Creating a State Space of Stem Cell Signatures

Speaker Details:

Rick Horwitz
Allen Insitute for Cell Science

Lecture Details:

April 18, 2019
12:30 p.m.
Executive Director, PhD

Abstract:

pending

Speaker Bio:

“Alan “Rick” Horwitz is the inaugural Executive Director of the Allen Institute for Cell Science in Seattle. The mission of the institute is to conjoin genome-editing, live cell imaging, genomics, deep learning and computation to create a human stem cell state space and elucidate the mechanisms of state transitions. Rick earned his BA with honors (chemistry (math)) in the Honors Program at the University of Wisconsin, received his Ph.D. in Biophysics at Stanford, and did post-doctoral research at UC Berkeley (NMR). He has held faculty positions at UPenn, where he chaired the undergraduate Biophysics Program and served as the Associate Director of the Medical Scientist Training Program, the University of Illinois, where he was the Head of a newly created cell and developmental biology department and PI of an NIGMS Cell and Molecular Biology Training grant, and the University of Virginia School of Medicine, where he was Harrison Distinguished Professor, University Professor, Director of the Cell Migration Consortium, a large scale, international, and interdisciplinary collaboration, and Associate Vice President for Biosciences, where he led the planning for its new Data Science Institute.
Rick is a pioneer in the fields of cell adhesion and migration and has also made important contributions to quantitative live cell imaging and synapse formation in the CNS. His research impacts many biological processes, therapeutic strategies, and diseases, including cancer, neurogenesis, inflammation, and tissue regeneration and repair.

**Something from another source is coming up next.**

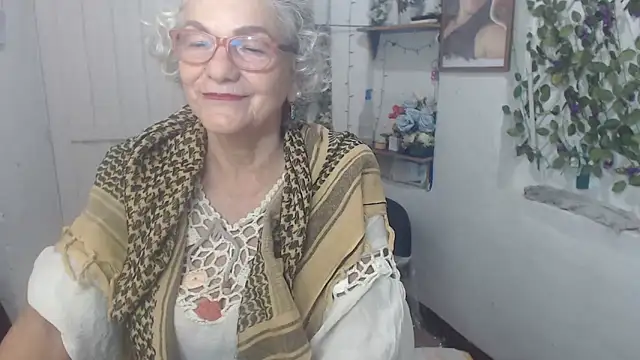 Snapshot of FunnyGrandma chatting on 10-05-25, 03:30 FunnyGrandma online show from 10-05-25, 03:30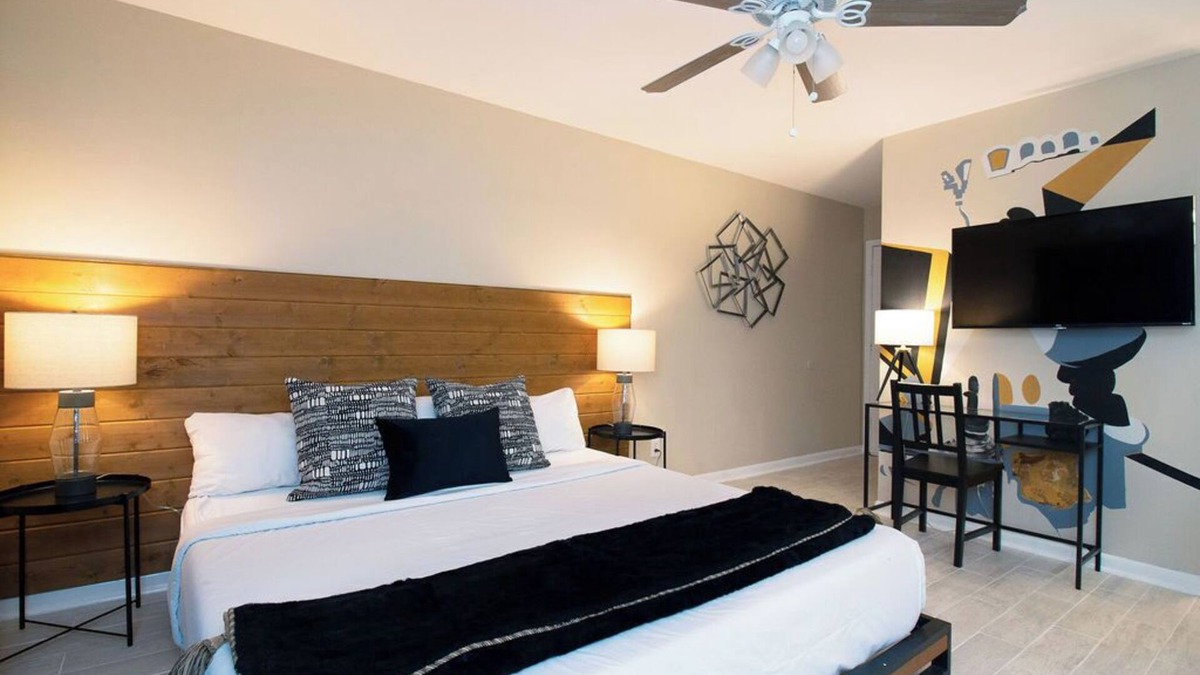 Neartown Apartment | Your Montrose Marshal! Sleeps 18, 9BR, 9BA, 9PA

He has been active in grant and program review through service on study sections and institutional, NIH, and agency strategic planning and advisory committees both here and in Europe. He has served in editorial capacities for the major journals in his field, on the Council of the American Society for Cell Biology, the Advisory Council of the National Institute of General Medical Sciences, and most recently on the NIH’s Council of Councils.”